Just in to Peach Pundit, we have word that the State of Georgia and the Southern Center for Human Rights have reached a settlement in the lawsuit regarding how Georgia provides counsel for those who cannot afford it. The SCHR has forwarded the following release
, which is the level of detail we have at this time and is followed by a statement from Travis Sakrison, the Executive Director of the GPDSC:
ATLANTA, GEORGIA, December 16, 2011 – Today, a class-action challenge to the fairness of the state’s indigent defense system that was brought on behalf of nearly 200 people convicted of offenses who were without counsel has reached a settlement.
To guarantee the right to adequate representation for poor people in Georgia who have been convicted of offenses carrying a term of incarceration and who are currently without effective legal counsel, the Southern Center for Human Rights (SCHR) and co-counsel Bondurant, Mixson and Elmore, L.L.P. (BME, LLP), entered a Consent Order with the Georgia Public Defenders Standards Council (GPDSC).
“We believe this is an important and significant step towards making Georgia’s indigent defense system capable of providing our clients with the representation to which they are entitled,” said SCHR Attorney Lauren Sudeall Lucas.
SCHR and BME, LLP filed Flournoy v. State of Georgia in December 2009, to challenge the state’s failure to provide counsel for nearly 200 convicted indigent defendants who did not have lawyers to represent them in their appeals. At the time the lawsuit was filed, severe budget cuts rendered the GPDSC inadequately staffed and funded to meet the constitutional obligations to provide counsel to those convicted of crimes.
As a result of severe budget cuts, GPDSC’s Appellate Division was staffed by only two full-time and one part-time staff attorneys.

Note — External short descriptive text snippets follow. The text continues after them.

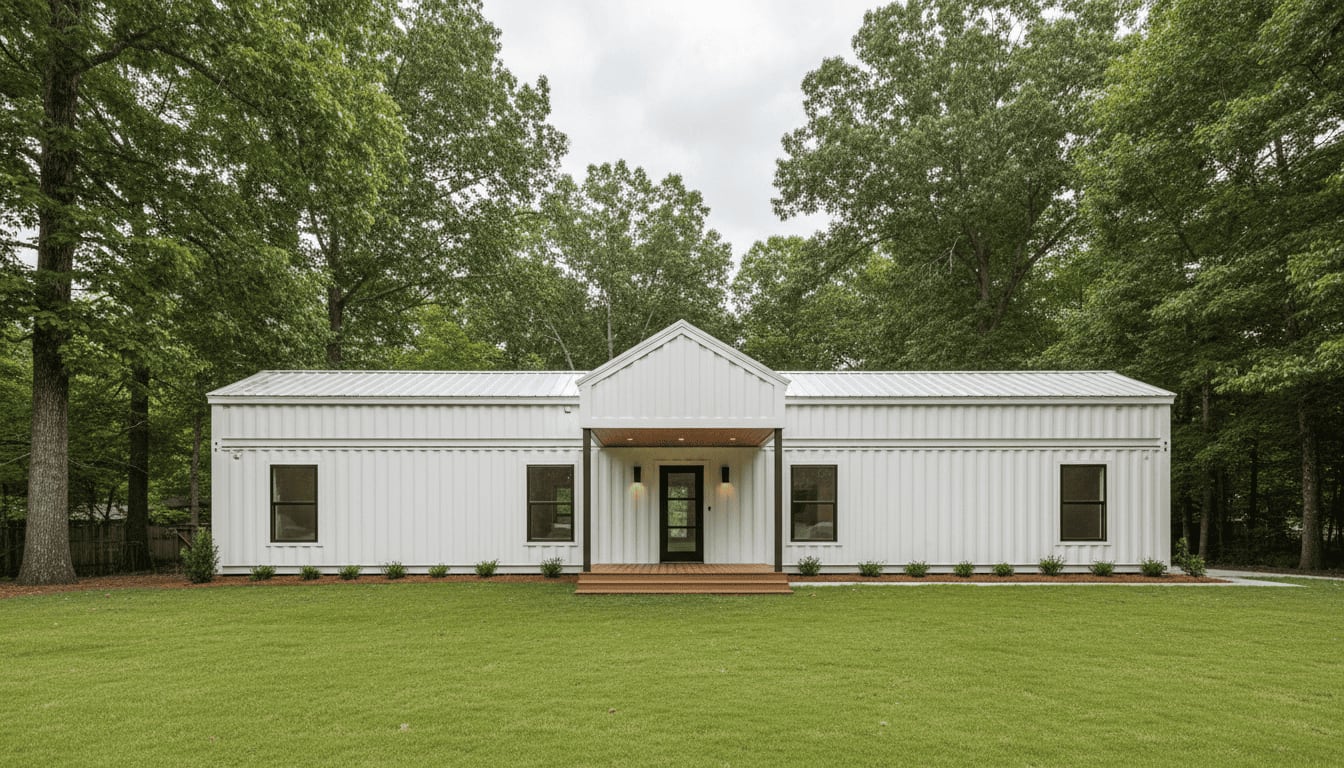 Modular Home Options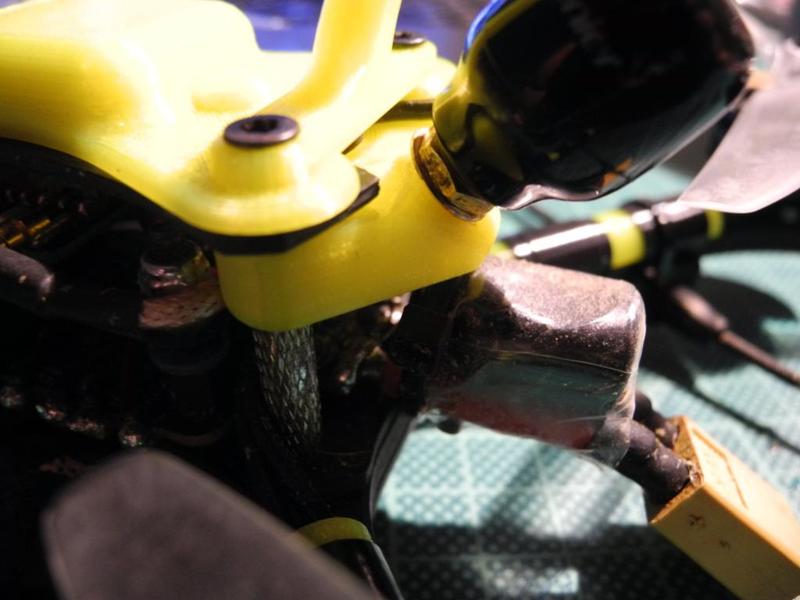 Cherrycraft Stamina SMA mount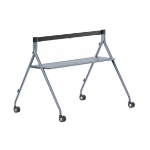 Yealink MB-FS-P750T 190.5 cm (75") Black, Grey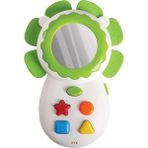 Furkan Toys FR59601 Yeşil Babies Işıklı ve Müzikli İlk Telefonum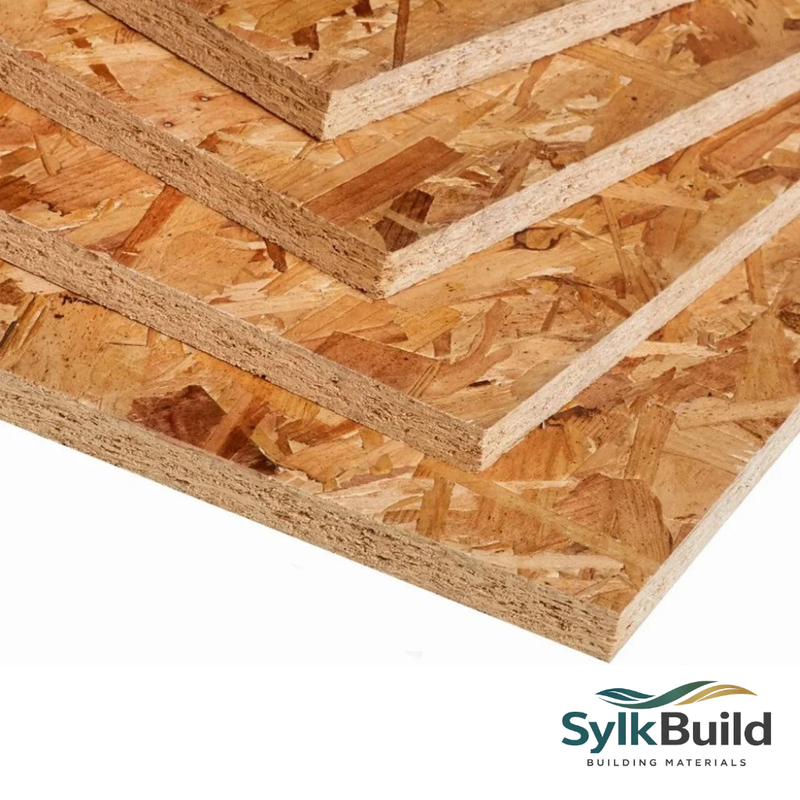 9mm OSB3 Sterling Board OSB Sheet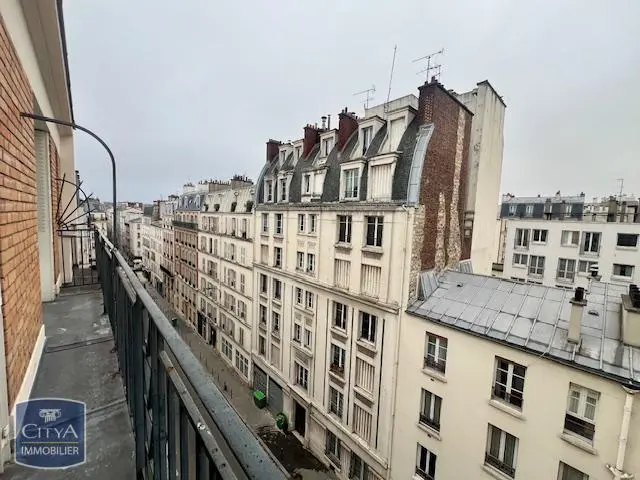 Photo 1 Appartement 1 pièce 42.29m²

The funding available for contracted private counsel who could also take on such appeals had also been cut in half from $336,000 in Fiscal Year 2009 to $160,000 for Fiscal Year 2010. Since the filing of the lawsuit, the class size grew from nearly 200 to more than 800 indigent defendants, but the resources dedicated to their representation did not keep pace.
One of the remedies included in today’s settlement is the requirement that GPDSC hire seven additional staff attorneys to staff the Appellate Division and implement a system that monitors the caseloads carried by individual lawyers.
The agreement also creates a specific process by which contract attorneys and staff attorneys will be hired – including a thorough review of their qualifications, which must meet certain minimum requirements. And it changes the contracts under which private attorneys are hired by providing them the resources and incentives to effectively represent their clients.
Additionally, GPDSC must implement a mechanism for oversight and accountability of the qualified private attorneys with whom they contract for services. “We are very pleased that the state has agreed to make several significant reforms to its indigent defense system that will protect the constitutional rights of the accused.
The improvements guaranteed by the consent decree will lead to a fairer and more accurate criminal justice system,” said Michael Caplan, attorney for the Plaintiffs from Bondurant, Mixson and Elmore, L.L.P. The Flournoy matter is the latest in a series of lawsuits filed by SCHR in response to the State’s continued refusal to fully fund the State’s indigent defense system.
In 2010, SCHR settled Cantwell v. Crawford, another lawsuit against GPDSC on behalf of hundreds of poor people accused of crimes in Georgia’s Northern Judicial Circuit who were without counsel. In 2008, Former GPDSC Director Mack Crawford attempted to close the Metro Conflict Defender office and reversed the decision only after SCHR filed suit.
Statement from the GPDSC:
Today,the Council unanimously approved the proposed settlement in Flournoy v. GPDSC, et al. The terms are not yet public, but will be made available when the settlement is final.
“In its current form, we believe that the proposed settlement is a reasonable resolution to this issue for the clients GPDSC represents and the state of Georgia. The issues claimed in the suit have been addressed by processes already in place. The term of the Consent Decree mirrored much of what GPDSC has already implemented and aligns with
our future plans, making a settlement possible.”